Thoreau was not a systematic philosopher but advanced his thought by embedding his ideas in the context of descriptive narrative prose.  He is best known for Walden and Civil Disobedience, but wrote many other articles and essays.  Thoreau's Civil Disobedience influenced later nonviolent reformers, Gandhi and Martin Luther King, Jr. [http://plato.stanford.edu/entries/thoreau/].

Thoreau studied a wide range of philosophical literature, from classical Greek and Roman authors to modern philosophers and the writings of his contemporaries.  He was one of the few Western writers to explore ancient Eastern thought.  He also gained insights from Taoism and other ancient Chinese traditions.  Thoreau developed his own unique philosophy, particularly through his "experimental" austere life in nature at Walden.  Thoreau limited his possessions to bare necessities.  He left behind the trappings of modern culture, such as cities, economic and social life, customs, traditions, and what people generally conceive as "needs."  Thoreau understood nature as a direct manifestation of deity and spirituality.  He tried to listen to the language of all things and to see God in nature.  Nature was for him a living cathedral where human spirituality was cultivated without separating the aesthetic and the sensual [http://www.walden.org/thoreau/]

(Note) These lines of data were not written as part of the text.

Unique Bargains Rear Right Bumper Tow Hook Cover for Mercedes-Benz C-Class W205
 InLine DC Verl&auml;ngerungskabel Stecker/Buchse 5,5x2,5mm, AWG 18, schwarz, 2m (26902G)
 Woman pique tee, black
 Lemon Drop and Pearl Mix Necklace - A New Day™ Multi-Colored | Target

During his Walden experiment, Thoreau reduced life to the bare essentials without the necessities of life.  He grew only as much food as he needed and worked enough to provide shelter.  He led his life apart from the influence of society.  He was arrested for not paying his poll tax in protest of the Mexican War.  He wrote Civil Disobedience after his night in jail.  Thoreau questioned who had primacy, the laws of a state or a man's conscience.  This was his stand against the effects of "The Establishment."  Thoreau felt society had undue influence on an individual achieving ones own self-reliance and true self [http://www.newworldencyclopedia.org/entry/Henry_David_Thoreau].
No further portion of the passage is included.